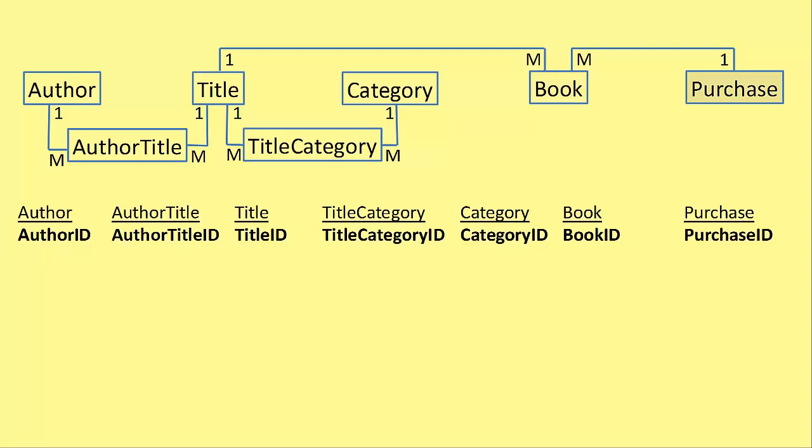This has to be the easiest stage of all the six stages. You just add a heading for each table and then add an ID field that has the same name as the table.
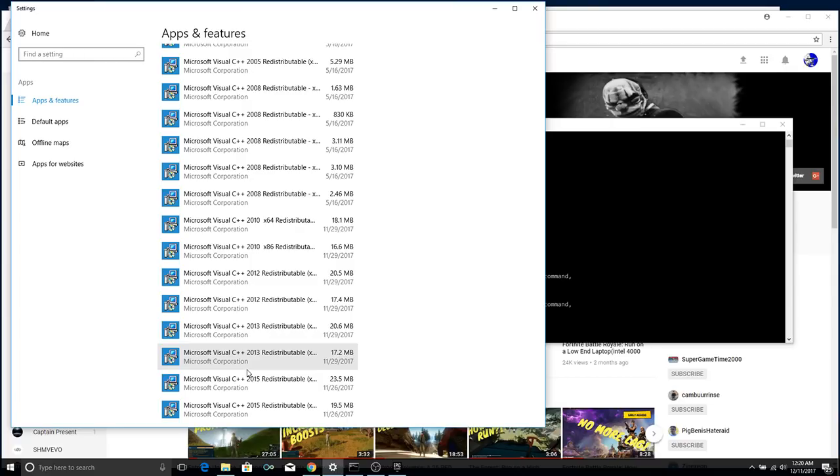So, a game that was made in 2008 probably needs something like Microsoft Visual C++ 2008 or 2005.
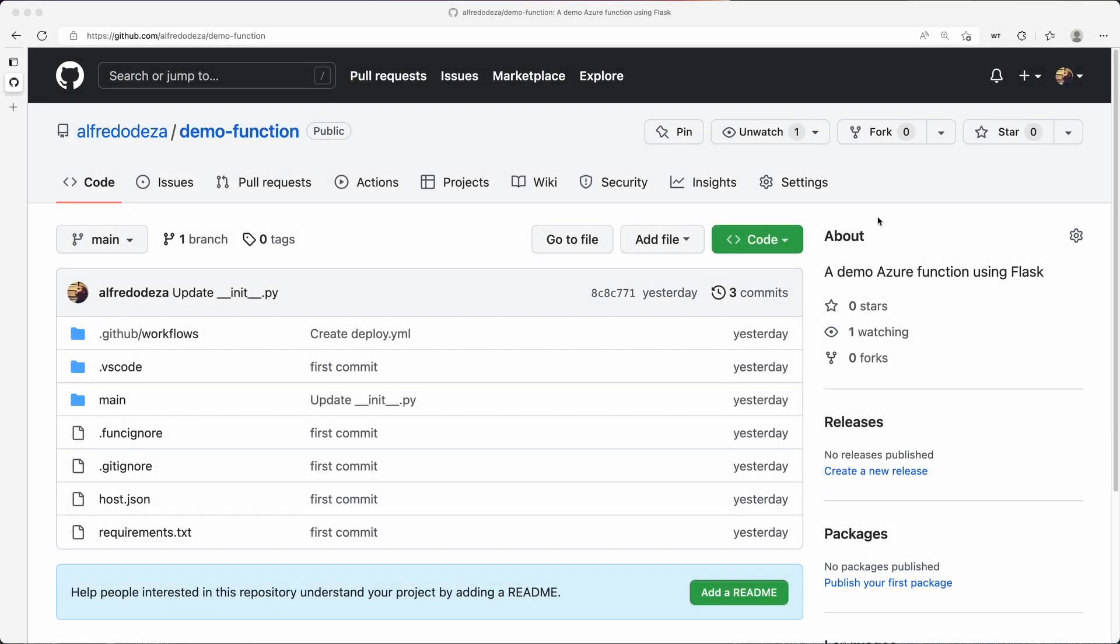Now I want to show you how you can add some secrets. If you want to do something specific with secrets with your Codespace and you want to inject those and make them available to you when you're running a Codespace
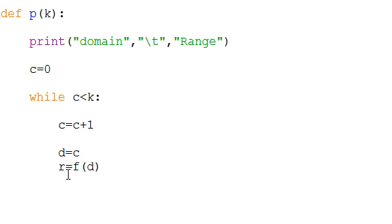So this is our range right here. This was the function that we defined earlier, and we're plugging d in.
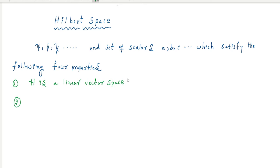The second property is: H has a definite scalar product that is strictly positive. The Hilbert space H has an inner product.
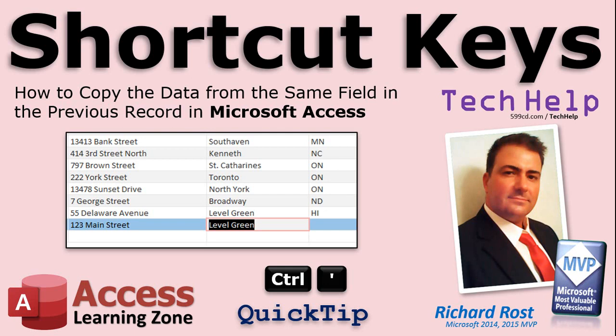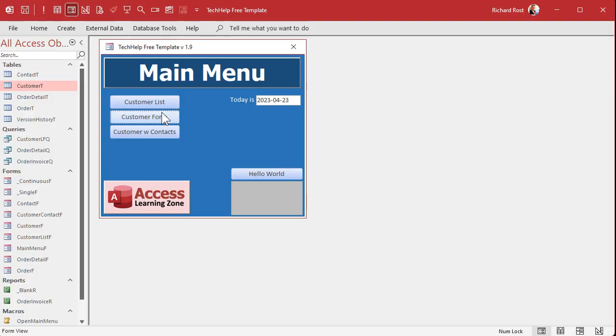I've been using Access pretty much since it came out, like 30 years ago, and I just learned this one myself. It's Control + single quote, and what that does is it copies the same value from the same field in the previous record. When I first figured this out I was like, 'What? What just happened?' But it's really cool.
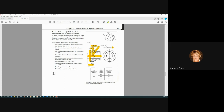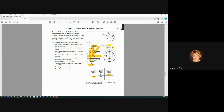Rule number one applies to each hole and each hole must be within its size limits no matter what. The virtual condition acceptance boundary is defined by these sizes. At a hole size of 6 we get 0.4 tolerance, and at 6.1 we add 0.1 to it — that could be 6.5 and 6.6. So the total tolerance here is 0.2 bonus plus our positional tolerance, giving 0.6 overall.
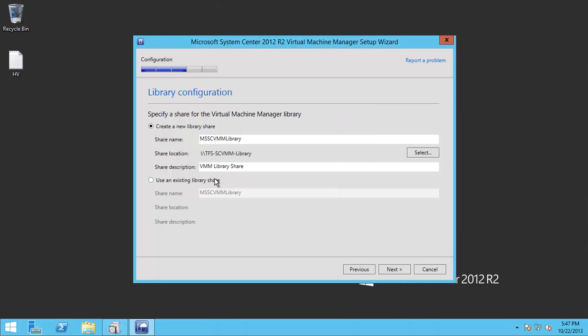And of course here the description, I will just add the TFS VMM library share. That's fine.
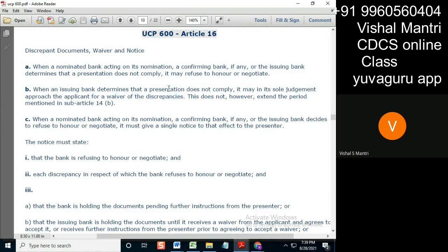No, it should not — because after all, the red flag is a banking issue; the applicant is not concerned with that. So in that case, even if the applicant waives all the discrepancies, the issuing bank has a right to say that it does not accept this waiver and rejects these documents in totality. This case is specifically about a red flag, but the same principle can apply to other discrepancies of a similar nature.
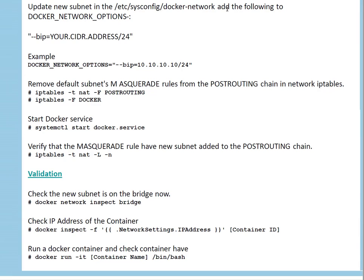This configuration is specific to Red Hat and CentOS 7. If you are using a different release like Ubuntu, refer to that documentation — for Ubuntu the file is /etc/default/network. We specify the Docker network options, save the subnet, then remove the default masquerade rule from the POSTROUTING chain in the NAT iptables. Once done, we start the Docker service and verify the new subnet is added to POSTROUTING using the iptables command.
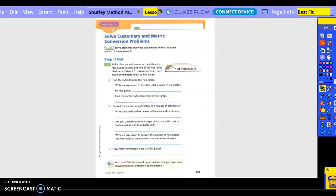I can solve problems involving conversions within the same system of measurement. Step it out. Number one: a flea can measure the distance it can jump in a straight line. If the flea jumps that same distance eight consecutive times, how many centimeters does the flea jump?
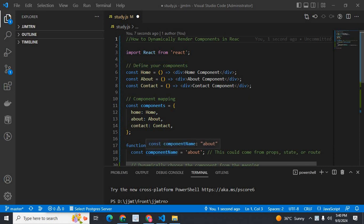Dear friends, in this video, we are going to discuss how to dynamically render components in React.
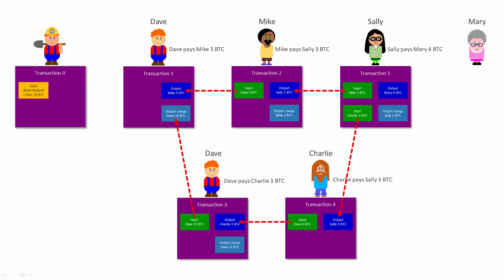Whenever a miner creates a new block, a new transaction is added to the start of that block automatically. Transaction zero, if you like. In transaction zero, the miner is paid the block reward plus the fees. The very first transaction of a block is called a generation transaction or a Coinbase transaction, not to be confused with the cryptocurrency exchange that goes by the same name, Coinbase.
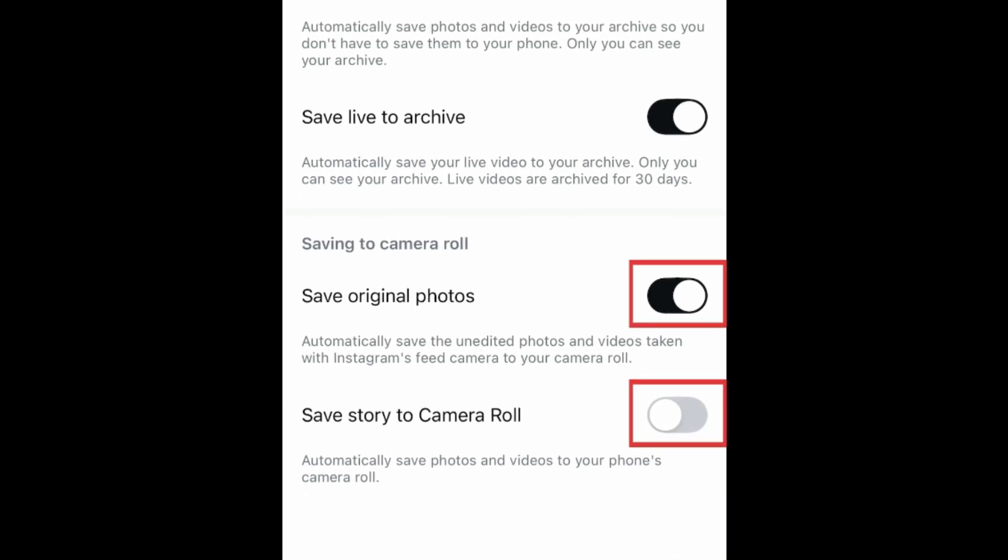Then tap the switches labeled Save Original Photos and Save Story to Camera Roll. When these are enabled, photos and videos you capture, edit, and post to Instagram in your feed and stories will be saved to your device's camera roll.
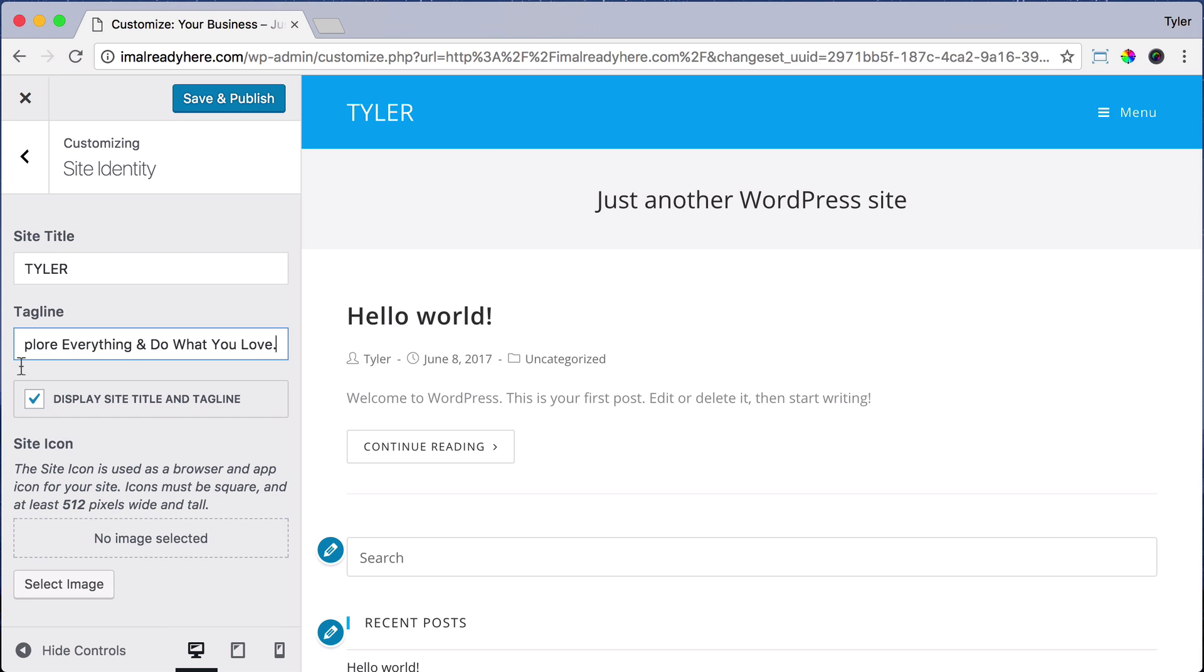And maybe if I had a graphic design business, I could say, we specialize in logos, websites, and user experience. Basically the tagline is just there to describe what you do. Once we're done with that,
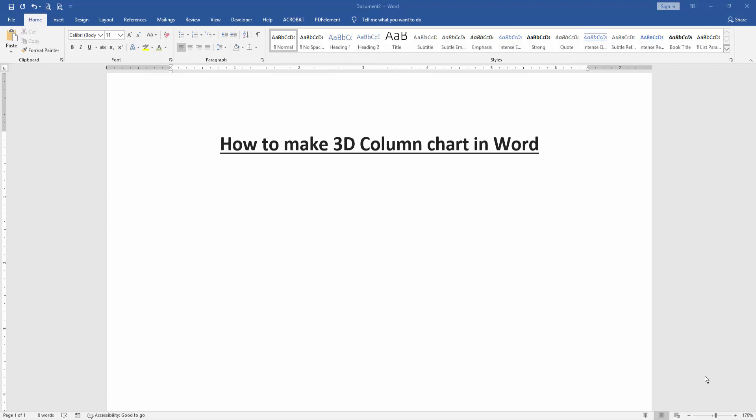Assalamu alaikum, hello friends. How are you? Welcome back to another video. In this video I am going to show you how to make 3D column chart in Microsoft Word. Let's get started. At first we have to open our document, then we want to make 3D column chart in this document.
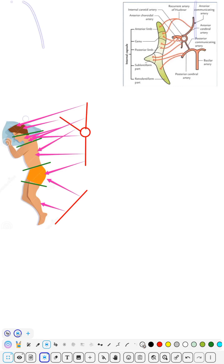Today we are going to discuss the mnemonic for internal capsule blood supply. We have two types of mnemonics — one that is very concise, which I will describe at the end, and a more story-type mnemonic which I will describe first. Please watch till the end. Look at this very beautiful sleeping man.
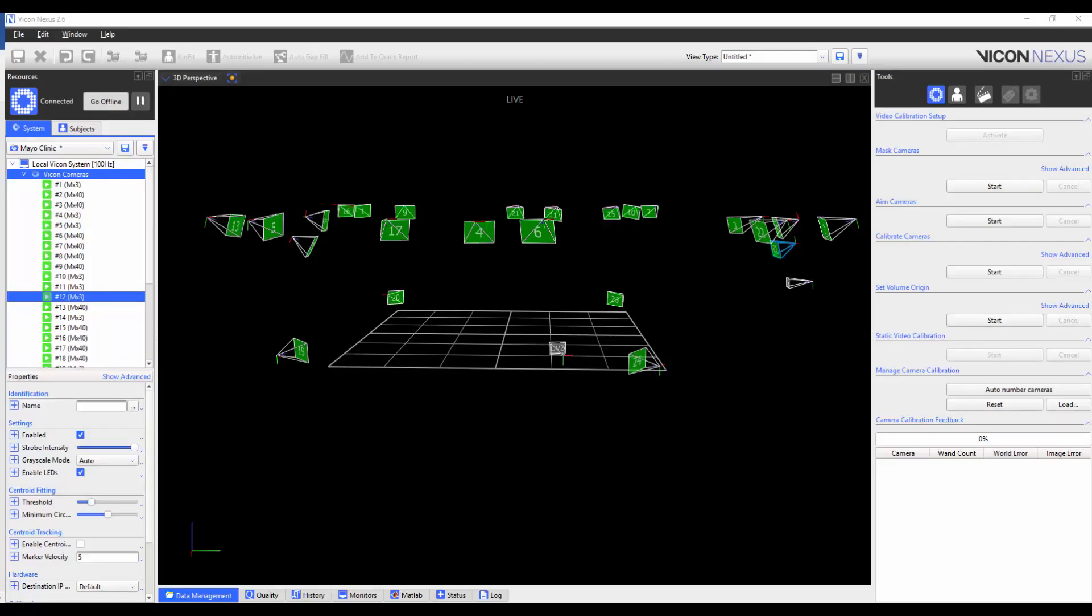The AutoNumber Cameras button will automatically number the cameras sequentially based on the position in the capture volume. It will pick the camera that is furthest from the volume origin and designate it as camera number one. The cameras are then numbered in a clockwise direction around the volume. If the cameras are positioned at different levels, the cameras in the level that contain the most cameras are numbered first.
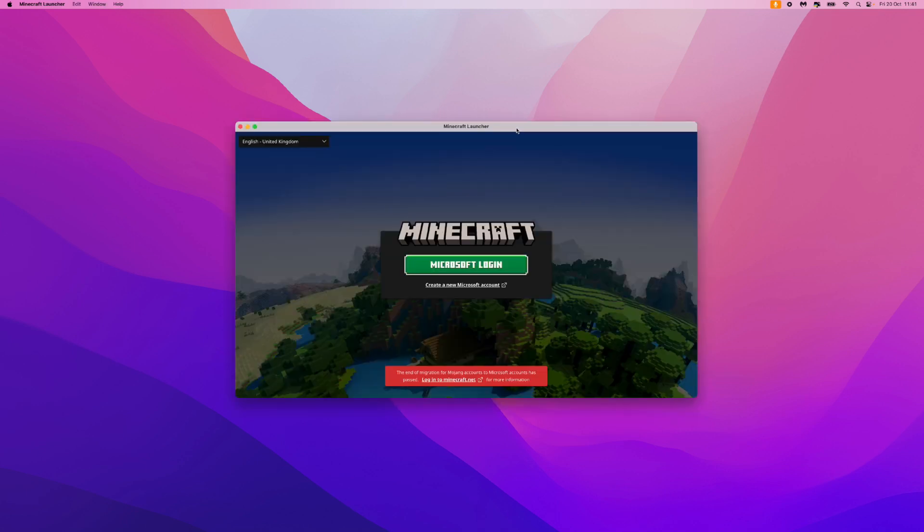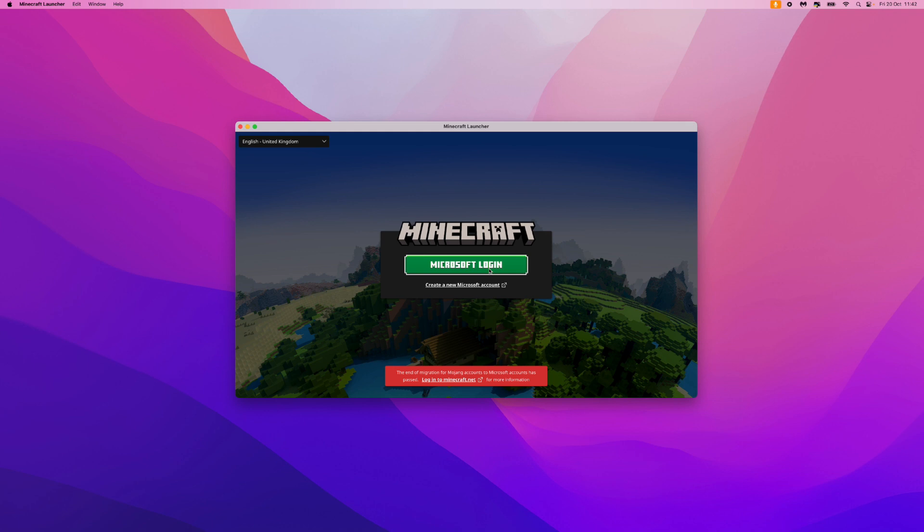So as you can see the install has now finished and the Minecraft Launcher is ready to go. All you simply need to do is log in to your Microsoft account and then boot up your Minecraft game. So it's just that simple to download the Minecraft launcher on macOS.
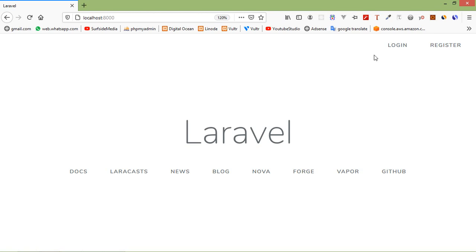Hi everyone, welcome back to the Laravel 7 tutorial. In this video, we are going to learn about TinyMCE WYSIWYG HTML editor. TinyMCE is the most advanced WYSIWYG HTML editor designed to simplify website content creation.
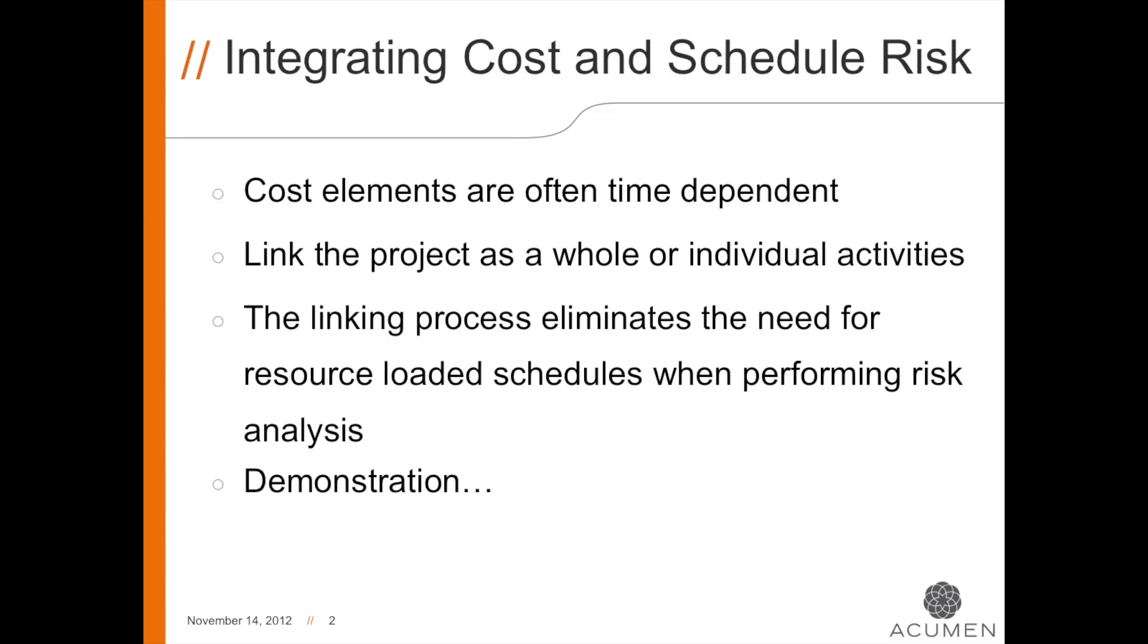First, the advantages of linking Cost and Schedule Risk. Number one is that cost elements are often time-dependent. This means that if an activity has Schedule Risk and the risk is realized, the activity will likely become more expensive than originally planned.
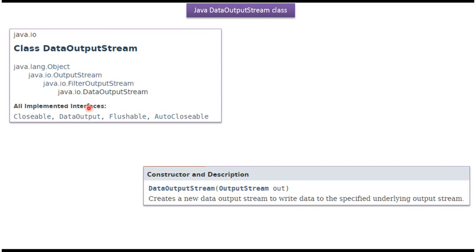The DataOutputStream class implements the Closeable, DataOutput, Flushable, and AutoCloseable interfaces. DataOutputStream supports only one constructor, which accepts an OutputStream. Using this constructor we can create a DataOutputStream object.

::::

* **Activity**: Stop after the line containing "Rule number one": copy the records exactly from the first line up to there, leaving pictures out.

* **Result**:
This has to be the easiest stage of all the six stages. You just add a heading for each table and then add an ID field that has the same name as the table.
So, a game that was made in 2008 probably needs something like Microsoft Visual C++ 2008 or 2005.
Now I want to show you how you can add some secrets. If you want to do something specific with secrets with your Codespace and you want to inject those and make them available to you when you're running a Codespace
So this is our range right here. This was the function that we defined earlier, and we're plugging d in.
The second property is: H has a definite scalar product that is strictly positive. The Hilbert space H has an inner product.
I've been using Access pretty much since it came out, like 30 years ago, and I just learned this one myself. It's Control + single quote, and what that does is it copies the same value from the same field in the previous record. When I first figured this out I was like, 'What? What just happened?' But it's really cool.
Rule number one applies to each hole and each hole must be within its size limits no matter what. The virtual condition acceptance boundary is defined by these sizes. At a hole size of 6 we get 0.4 tolerance, and at 6.1 we add 0.1 to it — that could be 6.5 and 6.6. So the total tolerance here is 0.2 bonus plus our positional tolerance, giving 0.6 overall.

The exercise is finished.